- **Prompt**: Make a verbatim transcription of the records, without the pictures.

[Opening Exercise input section]

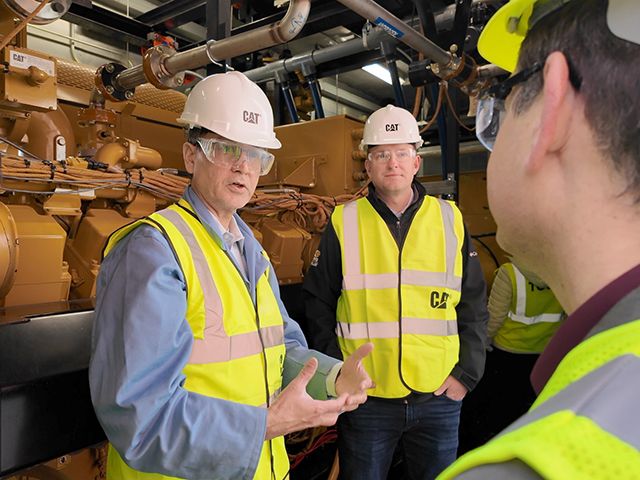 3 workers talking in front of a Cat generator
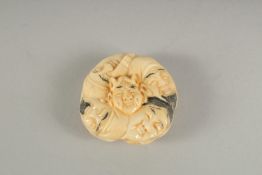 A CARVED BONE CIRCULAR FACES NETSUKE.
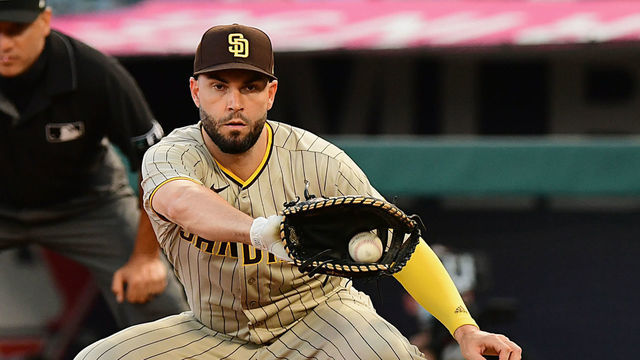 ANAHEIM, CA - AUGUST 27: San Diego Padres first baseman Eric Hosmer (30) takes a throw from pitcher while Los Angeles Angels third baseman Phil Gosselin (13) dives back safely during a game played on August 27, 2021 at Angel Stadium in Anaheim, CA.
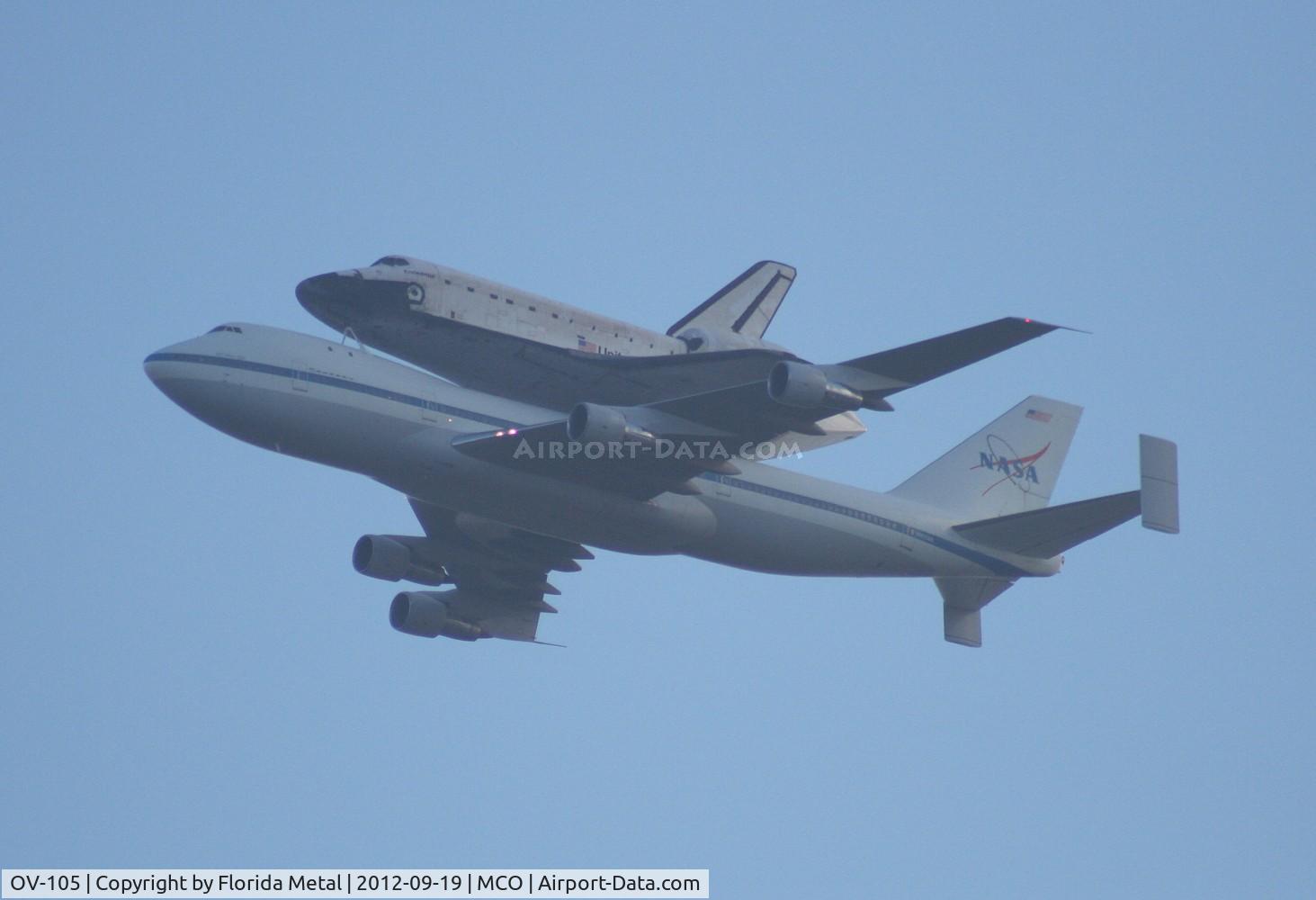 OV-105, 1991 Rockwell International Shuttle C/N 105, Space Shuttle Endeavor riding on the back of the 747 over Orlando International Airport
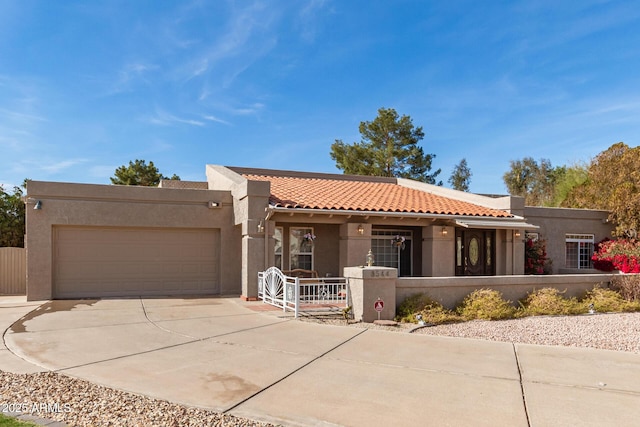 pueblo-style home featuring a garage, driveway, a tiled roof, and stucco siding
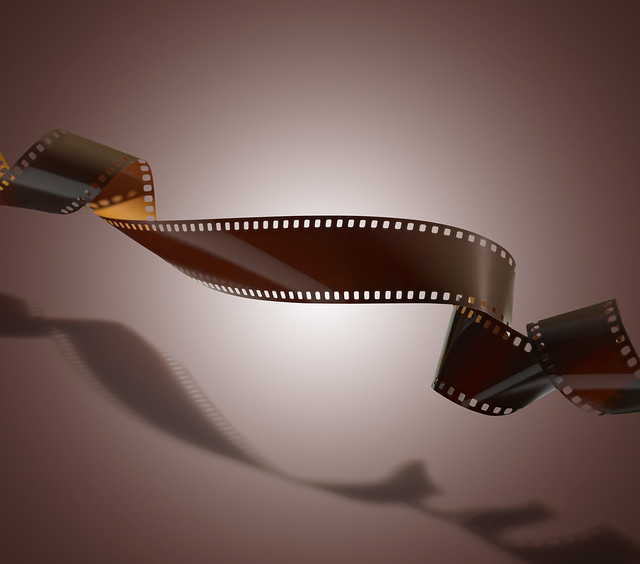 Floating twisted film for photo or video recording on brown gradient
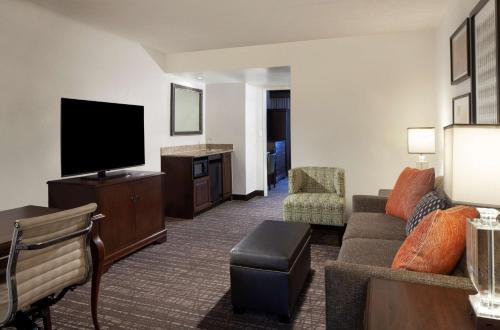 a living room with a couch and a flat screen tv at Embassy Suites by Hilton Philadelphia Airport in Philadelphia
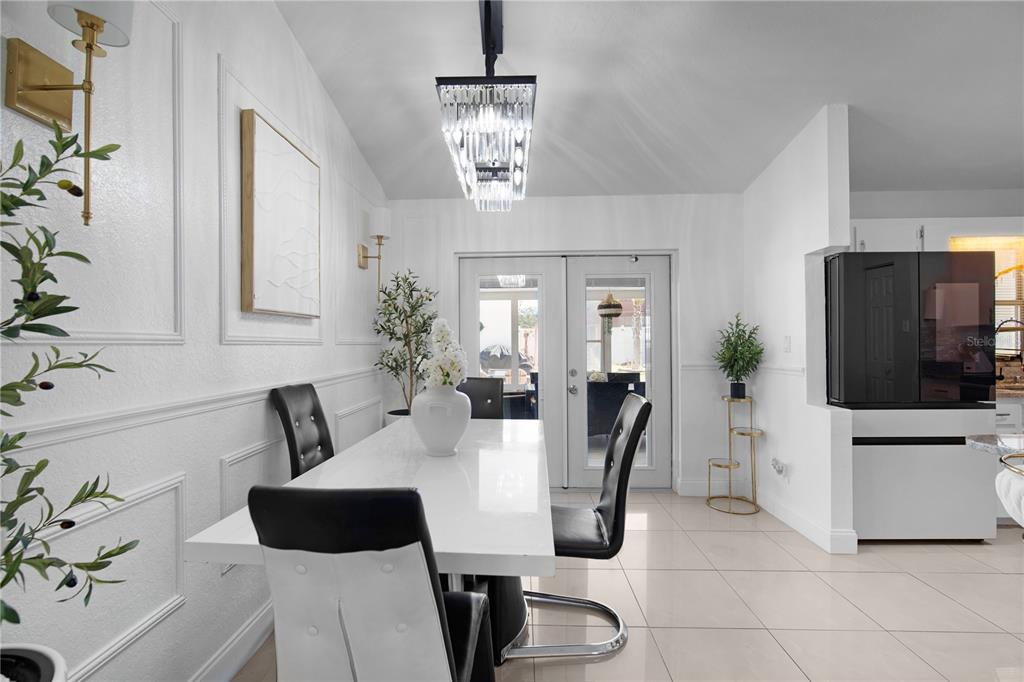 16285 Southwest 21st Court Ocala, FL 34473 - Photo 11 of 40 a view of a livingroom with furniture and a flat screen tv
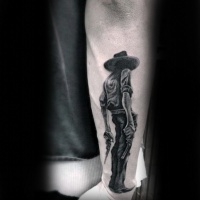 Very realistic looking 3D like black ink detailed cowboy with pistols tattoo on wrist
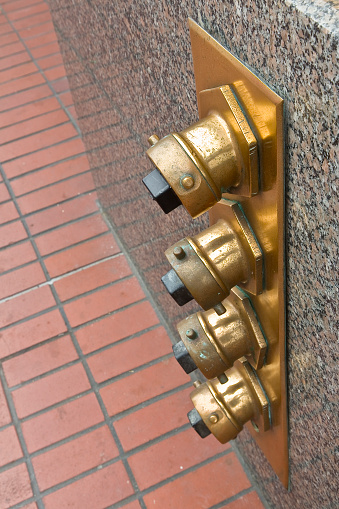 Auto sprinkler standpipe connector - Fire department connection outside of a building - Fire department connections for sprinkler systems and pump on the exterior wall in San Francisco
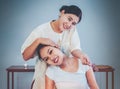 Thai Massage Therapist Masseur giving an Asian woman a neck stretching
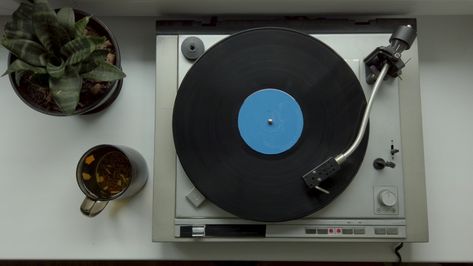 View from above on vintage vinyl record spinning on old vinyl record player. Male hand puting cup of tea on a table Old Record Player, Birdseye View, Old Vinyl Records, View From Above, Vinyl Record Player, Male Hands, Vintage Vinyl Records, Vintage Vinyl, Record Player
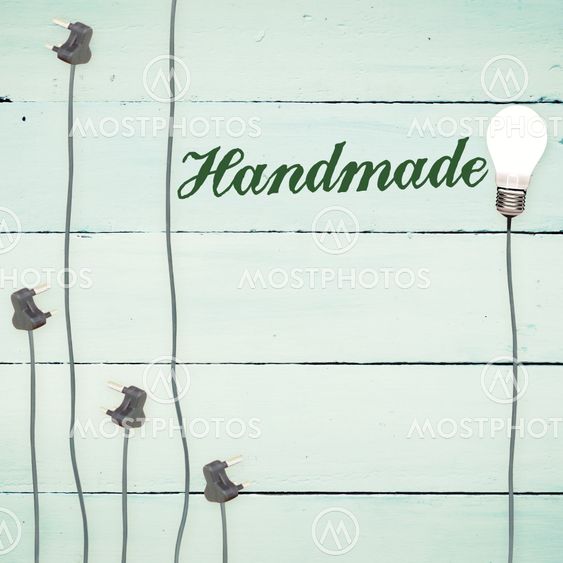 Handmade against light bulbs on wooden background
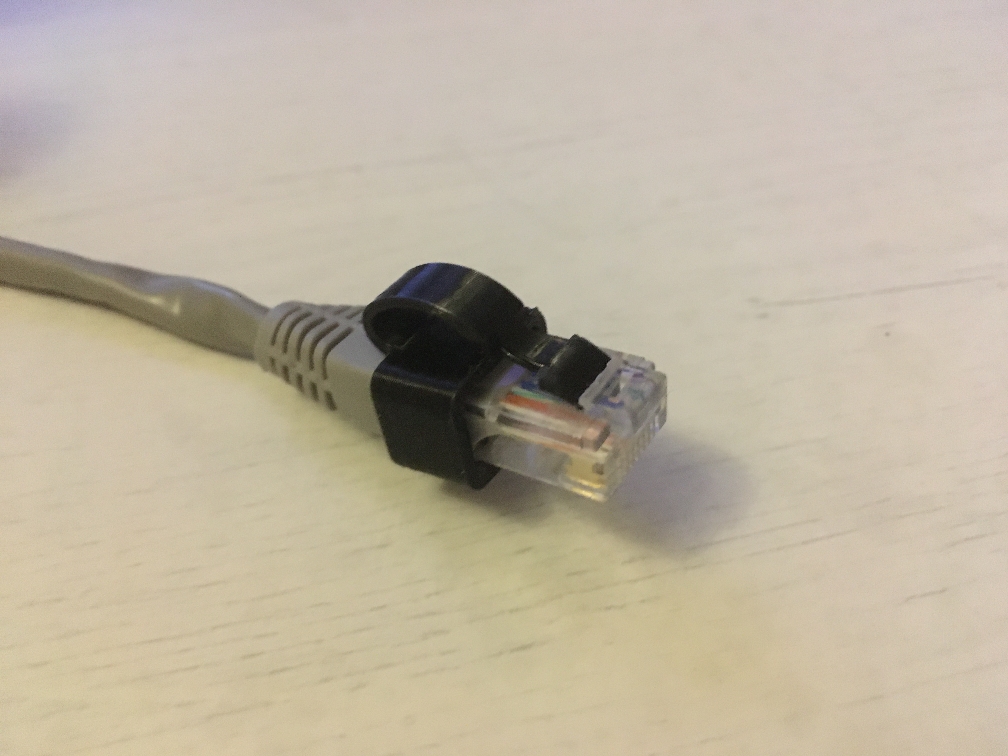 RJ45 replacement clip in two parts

[Closing Exercise input section]

- **Response below**:
 3 workers talking in front of a Cat generator
 A CARVED BONE CIRCULAR FACES NETSUKE.
 ANAHEIM, CA - AUGUST 27: San Diego Padres first baseman Eric Hosmer (30) takes a throw from pitcher while Los Angeles Angels third baseman Phil Gosselin (13) dives back safely during a game played on August 27, 2021 at Angel Stadium in Anaheim, CA.
 OV-105, 1991 Rockwell International Shuttle C/N 105, Space Shuttle Endeavor riding on the back of the 747 over Orlando International Airport
 pueblo-style home featuring a garage, driveway, a tiled roof, and stucco siding
 Floating twisted film for photo or video recording on brown gradient
 a living room with a couch and a flat screen tv at Embassy Suites by Hilton Philadelphia Airport in Philadelphia
 16285 Southwest 21st Court Ocala, FL 34473 - Photo 11 of 40 a view of a livingroom with furniture and a flat screen tv
 Very realistic looking 3D like black ink detailed cowboy with pistols tattoo on wrist
 Auto sprinkler standpipe connector - Fire department connection outside of a building - Fire department connections for sprinkler systems and pump on the exterior wall in San Francisco
 Thai Massage Therapist Masseur giving an Asian woman a neck stretching
 View from above on vintage vinyl record spinning on old vinyl record player. Male hand puting cup of tea on a table Old Record Player, Birdseye View, Old Vinyl Records, View From Above, Vinyl Record Player, Male Hands, Vintage Vinyl Records, Vintage Vinyl, Record Player
 Handmade against light bulbs on wooden background
 RJ45 replacement clip in two parts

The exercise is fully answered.